Collection entries
----
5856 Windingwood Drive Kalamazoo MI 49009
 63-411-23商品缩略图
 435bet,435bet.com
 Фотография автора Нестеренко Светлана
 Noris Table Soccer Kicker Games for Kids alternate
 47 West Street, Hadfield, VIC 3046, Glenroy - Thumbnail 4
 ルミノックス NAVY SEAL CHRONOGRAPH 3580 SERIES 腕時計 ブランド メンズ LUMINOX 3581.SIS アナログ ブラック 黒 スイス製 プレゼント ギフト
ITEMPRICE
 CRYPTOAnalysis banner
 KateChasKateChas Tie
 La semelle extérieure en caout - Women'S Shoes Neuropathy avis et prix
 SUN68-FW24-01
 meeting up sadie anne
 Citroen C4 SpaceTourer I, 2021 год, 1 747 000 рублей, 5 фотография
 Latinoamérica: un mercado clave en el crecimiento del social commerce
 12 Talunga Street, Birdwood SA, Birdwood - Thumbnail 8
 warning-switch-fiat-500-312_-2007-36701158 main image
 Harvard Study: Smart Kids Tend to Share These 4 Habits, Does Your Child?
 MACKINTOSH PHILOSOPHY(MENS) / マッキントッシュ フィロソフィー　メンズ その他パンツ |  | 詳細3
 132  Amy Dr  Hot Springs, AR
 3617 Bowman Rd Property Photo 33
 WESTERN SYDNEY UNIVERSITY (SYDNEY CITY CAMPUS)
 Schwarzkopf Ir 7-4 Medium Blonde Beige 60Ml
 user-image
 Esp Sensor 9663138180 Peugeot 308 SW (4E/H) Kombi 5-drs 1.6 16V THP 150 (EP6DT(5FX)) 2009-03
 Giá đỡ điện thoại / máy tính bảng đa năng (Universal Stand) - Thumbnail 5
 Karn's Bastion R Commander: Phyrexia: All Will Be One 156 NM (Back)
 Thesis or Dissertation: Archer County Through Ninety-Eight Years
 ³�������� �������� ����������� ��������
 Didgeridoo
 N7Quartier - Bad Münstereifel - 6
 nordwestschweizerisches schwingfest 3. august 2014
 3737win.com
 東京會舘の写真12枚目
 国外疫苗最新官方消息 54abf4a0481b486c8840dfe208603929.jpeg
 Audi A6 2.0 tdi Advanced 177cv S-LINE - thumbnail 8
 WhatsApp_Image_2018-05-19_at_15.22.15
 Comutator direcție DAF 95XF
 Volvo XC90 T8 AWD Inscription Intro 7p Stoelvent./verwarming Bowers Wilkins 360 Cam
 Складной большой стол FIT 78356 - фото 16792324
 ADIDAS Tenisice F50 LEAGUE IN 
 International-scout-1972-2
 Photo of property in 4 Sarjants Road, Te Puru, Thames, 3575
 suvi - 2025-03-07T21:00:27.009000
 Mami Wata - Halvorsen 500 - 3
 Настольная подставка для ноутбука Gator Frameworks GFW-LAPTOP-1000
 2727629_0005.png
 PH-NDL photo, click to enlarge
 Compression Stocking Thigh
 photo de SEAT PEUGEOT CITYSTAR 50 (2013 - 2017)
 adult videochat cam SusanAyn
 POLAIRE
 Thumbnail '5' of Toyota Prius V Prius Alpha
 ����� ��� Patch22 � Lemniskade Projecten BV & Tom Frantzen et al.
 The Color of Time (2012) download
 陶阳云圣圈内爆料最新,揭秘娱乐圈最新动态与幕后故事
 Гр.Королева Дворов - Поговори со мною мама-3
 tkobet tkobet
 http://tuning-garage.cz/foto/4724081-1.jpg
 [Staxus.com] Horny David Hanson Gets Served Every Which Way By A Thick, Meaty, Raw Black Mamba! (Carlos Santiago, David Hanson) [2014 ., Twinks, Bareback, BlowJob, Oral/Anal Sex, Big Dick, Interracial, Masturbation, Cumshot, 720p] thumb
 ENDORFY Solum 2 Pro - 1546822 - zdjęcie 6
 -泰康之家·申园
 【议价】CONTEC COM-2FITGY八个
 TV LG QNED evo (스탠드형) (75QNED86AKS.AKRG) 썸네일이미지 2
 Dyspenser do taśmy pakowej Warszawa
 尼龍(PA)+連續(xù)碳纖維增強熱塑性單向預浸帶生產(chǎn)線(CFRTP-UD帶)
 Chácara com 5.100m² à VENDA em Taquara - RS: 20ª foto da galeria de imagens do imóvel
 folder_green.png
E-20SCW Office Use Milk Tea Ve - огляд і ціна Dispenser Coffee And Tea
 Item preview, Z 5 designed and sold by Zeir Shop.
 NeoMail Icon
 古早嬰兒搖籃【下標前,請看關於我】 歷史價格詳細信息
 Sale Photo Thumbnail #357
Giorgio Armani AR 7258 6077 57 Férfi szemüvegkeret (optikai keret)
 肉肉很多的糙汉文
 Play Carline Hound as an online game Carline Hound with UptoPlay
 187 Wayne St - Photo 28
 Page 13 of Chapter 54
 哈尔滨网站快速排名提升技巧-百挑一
----
» **About this exercise**: Among the lines above, find those that contain the word "Street" and copy them.

» **Exercise response**:
 47 West Street, Hadfield, VIC 3046, Glenroy - Thumbnail 4
 12 Talunga Street, Birdwood SA, Birdwood - Thumbnail 8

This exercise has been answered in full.